Synopses & Reviews
The premise of Confessional Politics is that in this confessional age, "telling all is in." From a unique variety of perspectives and angles, the essays in this collection explore the association of confession with femininity; they examine its function as a gender-specific discourse as they probe its many feminized genres and subgenres. Confessional Politics investigates the creative and strategic ways in which women shape the telling of their sexual stories in order to resist and negotiate the confessional practices designed to position them in conventional sexual frameworks.
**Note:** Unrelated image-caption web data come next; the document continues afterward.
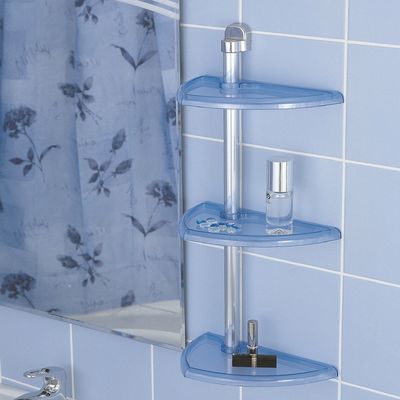 Полка для ванной настенная, 3 яруса, цвет прозрачно-голубой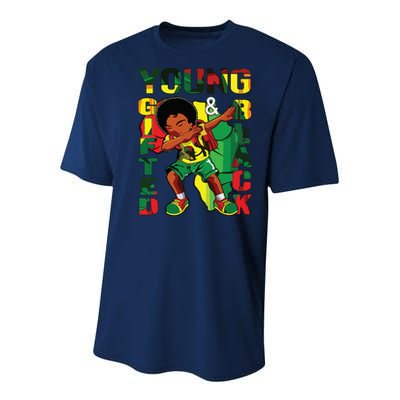 Young Gifted & Black History Month Cute Dabbing Youth Performance Sprint T-Shirt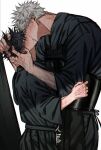  2boys black_hair blush closed_eyes full-face_blush fushiguro_megumi fushirun_rung gojou_satoru grabbing_another&#039;s_hair hands_on_another&#039;s_head height_difference highres jujutsu_kaisen kiss korean_commentary male_focus multiple_boys short_hair spiked_hair sweat veins white_hair wide_sleeves yaoi 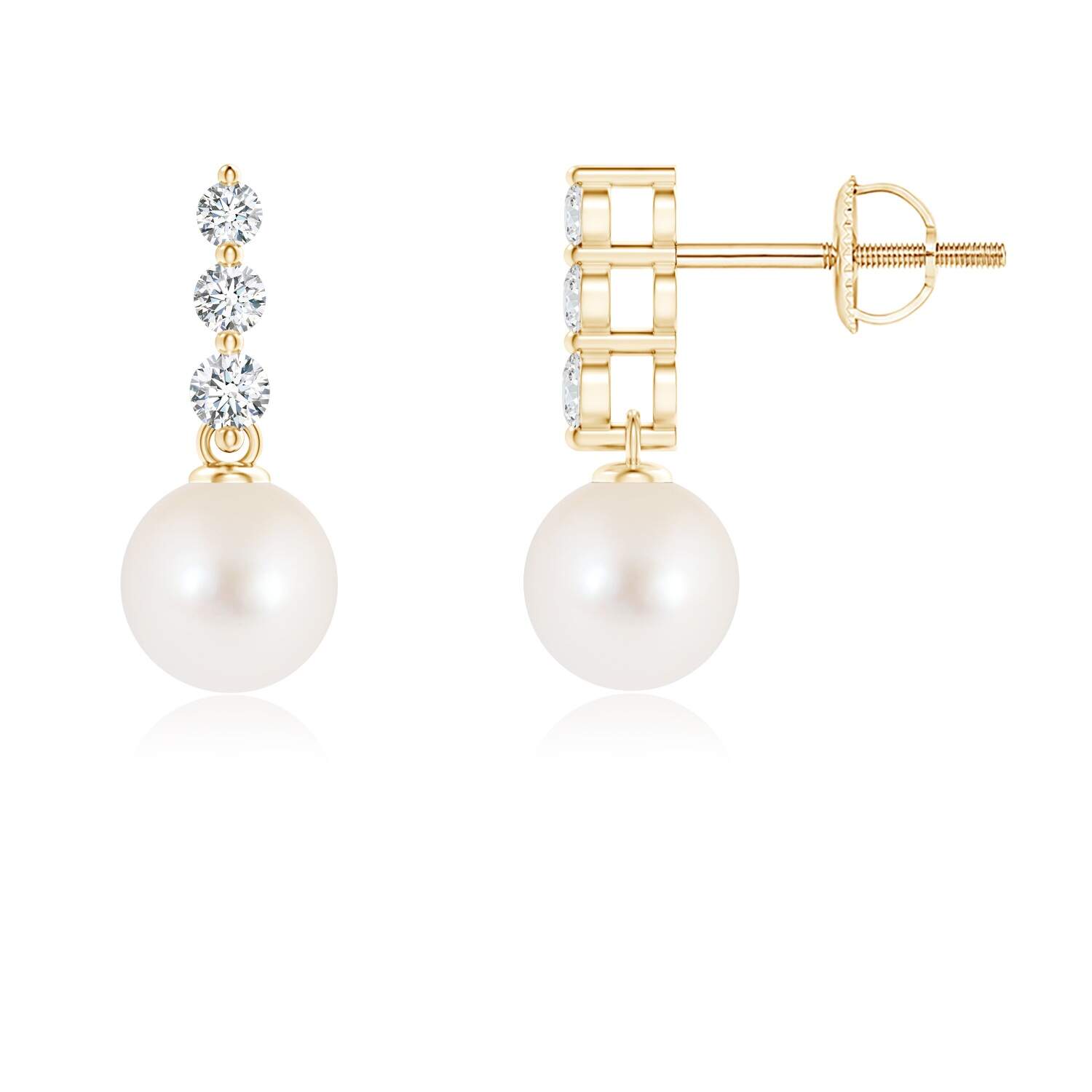 925 Silver Simple Classic Pearl Set - Shell Pearl Dangle Earrings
Investigating the confessional politics of traditional forms of social life writing (including erotic diaries, journals, letters, and confessional fiction), this book significantly expands its focus beyond conventional forms to include practices affecting mass readerships and audiences. The collection addresses provocative general topics: talk shows, sexual harassment, sexual abuse, sexuality, self-help books, and cross-dressing, as well as expressive works such as contemporary Canadian women's poetry, lesbian fiction, performance art, Anne Frank's recently released complete diary, and memoirs.
Review
"Gammel has done a simply outstanding job. This is not a collection of ten essays on a related topic. The division of the book into Confessional Interventions, Confessional Modalities, and Confessional Inversions allows the reader to read this book as a single unit, something that unfortunately rarely happens in such gatherings of essays."James King, author of Virginia Woolf and William Blake: A Life
About the Author
Irene Gammel is an associate professor of English and women's studies at the University of Prince Edward Island. She is the author of Sexualizing Power in Naturalism: Theodore Dreiser and Frederick Philip Grove and the coeditor of L. M. Montgomery and Canadian Culture.